Abstract: TH-PO086
Incidence and Risk Factors of AKI After Total Hip Arthroplasty or Revision in Kidney Transplant Recipients (KTx)
Session Information
- AKI: Epidemiology, Risk Factors, Prevention - I
November 07, 2019 | Location: Exhibit Hall, Walter E. Washington Convention Center
Abstract Time: 10:00 AM - 12:00 PM
Category: Acute Kidney Injury
- 101 AKI: Epidemiology, Risk Factors, and Prevention
Authors
- Thirunavukkarasu, Sorkko, Mayo Clinic, Rochester, Minnesota, United States
- Zoghby, Ziad, Mayo Clinic, Rochester, Minnesota, United States
Background
Immunosuppressive regimens increase the risk of bone complications such avascular necrosis and osteoporosis in KTx.
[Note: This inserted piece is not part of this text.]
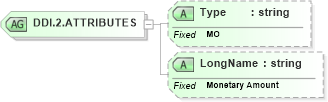 XSD Diagram of DDI.2.ATTRIBUTES in schema datatypes_xsd (Health Level Seven (HL7))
Treatment of choice is Arthroplasty but limited data show that adverse events, specifically AKI is higher in KTx (16-26.6%) compared to the general population (1.1%). AKI has been linked to increased morbidity and mortality. Our aim was to determine the incidence of AKI in KTx undergoing primary hip arthroplasty (THA)or revision (THA-R), identify risk factors associated with AKI and evaluate its effect on allograft function at 1 year.
Methods
Using the orthopedic and transplant databases, we designed a case-control study of 102 patients undergoing a total of 141 THA and THA-R between 2000 and 2018 at the Mayo Clinic. Variables of interest not available in the databases were obtained through chart review. AKI was defined per the current KIDGO guideline.
Results
The average age at surgery was 59 years (range 27-82); with 58% male and 96% white. The most common surgical indications for THA were degenerative joint disease (57%), avascular necrosis (27%), and fractures (12%); and for THA-R, loosening (28%), dislocation (22.7%) and Infection (9%). The incidence of AKI was 10.4% and 17% in THA and THA-R, respectively (p=0.36). All AKI were stage 1 per AKIN criteria. Anesthesia time was longer in patients with AKI (232 vs 196 min, p = 0.055) and in those undergoing THA-R compared to THA (256 vs 182 min <0.001). The length of hospitalization for those with AKI was 5.1 vs. 4.3 days for those without AKI (p = 0.2). There was no significant difference between vasopressors use, blood loss, need for transfusion, crystalloid or colloid administration between the AKI and Non-AKI groups. At one year, mean change in eGFR was not different between the two groups (AKI: -1.7 ml/min; Non-AKI: -2.6 ml/min; p = 0.7).
Conclusion
The incidence of AKI after total hip arthroplasty in KTx was 10.4% (17% after revision arthroplasty) and associated with longer hospitalization. However, all cases of AKI were mild, resolved by hospital discharge and did not affect allograft function at 1 year.